============================
Benchmarks
============================

Introduction
----------------
One of the key questions for picking up Shark in your work is: "Is it fast enough?". 
As Shark is not a black-box algorithm-toolbox, we often can not choose the implementation with maximum speed as
we have to balance the speed requirements with flexibility. Nevertheless, if the resulting penalty is so large
that practical application becomes impossible we would still regard it as a buggy implementation.
Thus, we want to compare
Shark to other, well known libraries and show timings in setups which are as similar as possible.

For now we compare Shark only with `SciKit-Learn <http://scikit-learn.org>`_ which often relies
on well known and optimized C-code (libLinear and LibSVM for example) as well as cython and ATLAS for the heavy lifting. 

We decided to compare a subset of algorithms with practical relevance in daily work':
Random Forrest, Nearest-Neighbours, Linear Regression, Linear- and Kernel-CSVM and Logistic Regression.
This subset gives a good comparison of the quality of a wide range of implemented algorithms, from tree methods
to Quadratic Programming. In cases where this makes a difference, we also compare dense and sparse inputs.

The implementations can be found in the Examples/Benchmark directory.


Datasets
-------------------------------

We use the following datasets in the experiments:

`Cod-Rna <https://www.csie.ntu.edu.tw/~cjlin/libsvmtools/datasets/binary.html#cod-rna>`_, which has 60k samples and 8dim data.
`rcv1.binary <https://www.csie.ntu.edu.tw/~cjlin/libsvmtools/datasets/binary.html#rcv1.binary>`_, which has 20k samples and high dimensional sparse data.
`MNIST <https://www.csie.ntu.edu.tw/~cjlin/libsvmtools/datasets/multiclass.html#mnist>`_, which has 60k samples and 768dim data.
`BlogFeedback <https://archive.ics.uci.edu/ml/datasets/BlogFeedback>`_, which has 60k samples and 281dim data for regression.

We ensure in all our experiments that all datasets except rcv1.binary are read in as dense to ensure the maximum possible efficiency.


Kernel-CSVM
--------------------------


.. figure:: ../images/BenchmarkKernelCSvm.*
  :scale: 100 %
  :alt: Benchmark results of training CSVM

We used a gaussian Rbf Kernel with gamma=1 on the cod-rna dataset.
We solve to an accuracy of 0.001 and vary C between 0.01 to 1 while fixing the kernel cache to 256MB.

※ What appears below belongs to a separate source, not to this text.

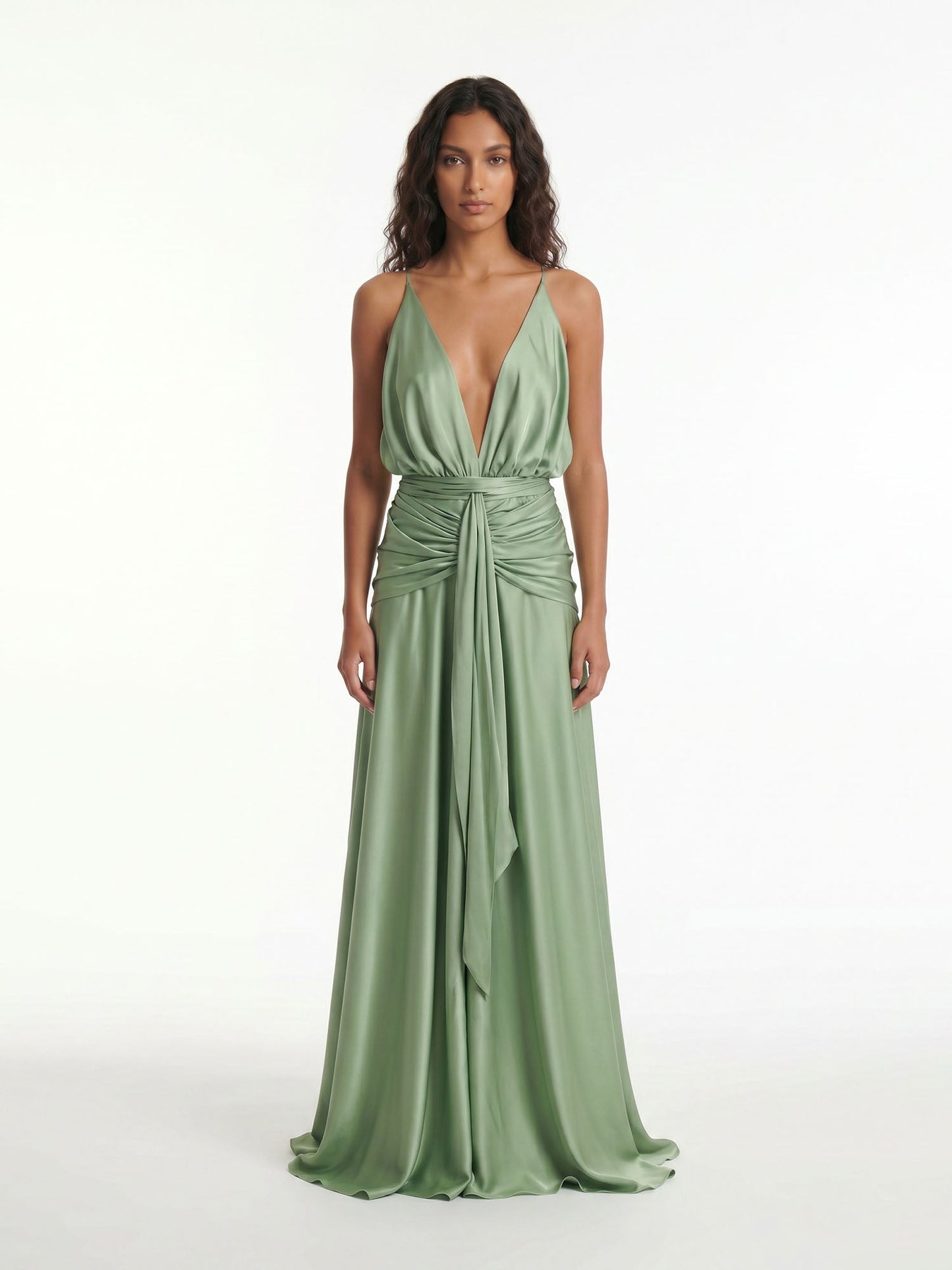 Robe Maxi Wrap à Dos Nu Sage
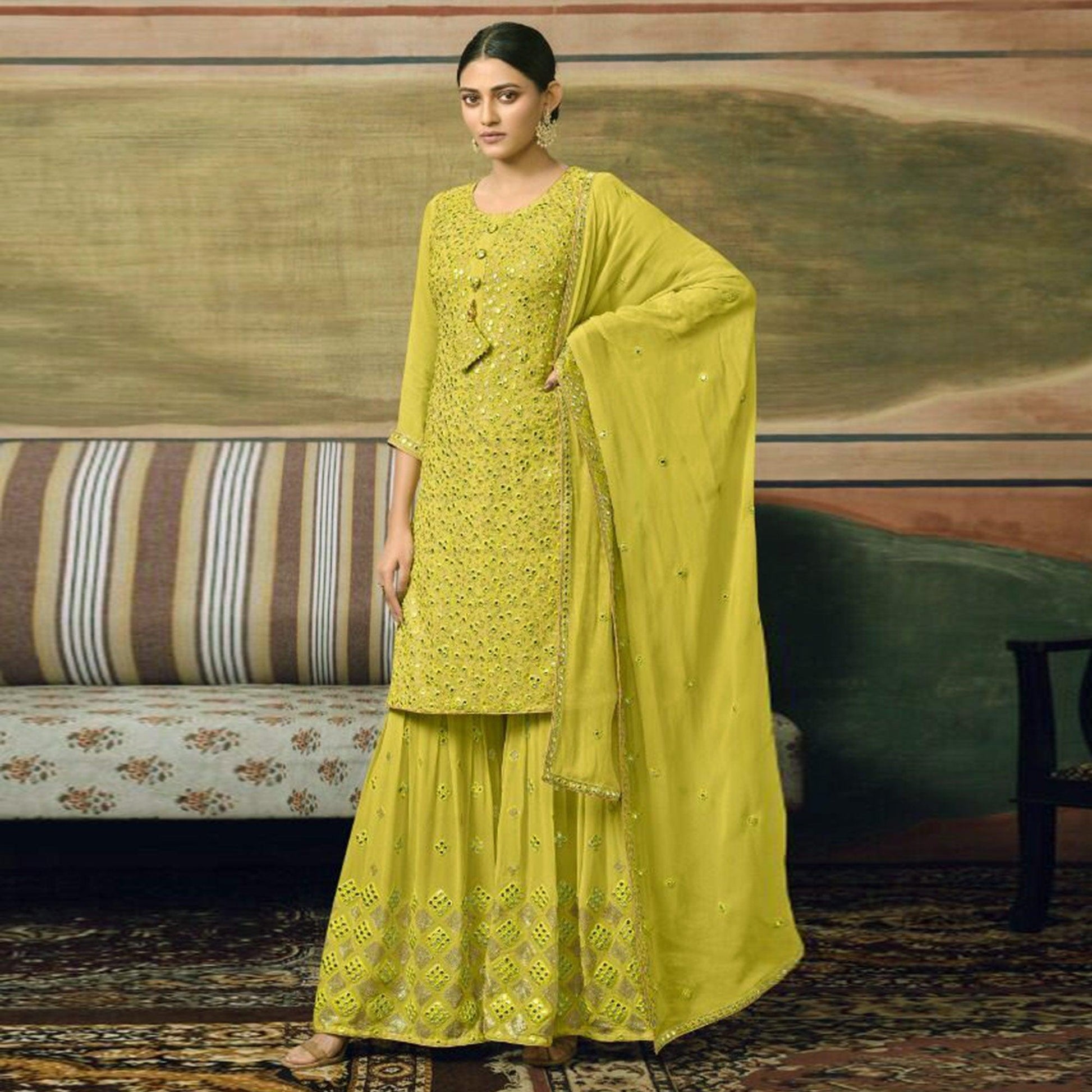 green-embroidered-georgette-sharara-suit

The large difference are caused by the fact that Shark uses blockwise parallel evaluations of the kernel, while
libSVM as used by Scikit-Learn does not.


Linear-CSVM
-----------------------


.. figure:: ../images/BenchmarkLinearCSvm.*
  :scale: 100 %
  :alt: Benchmark results of training a linear CSVM

We used the rcv1.binary dataset.
We solve to an accuracy of 0.001 and vary C between 1 and 100000. We do not use a bias in these experiments.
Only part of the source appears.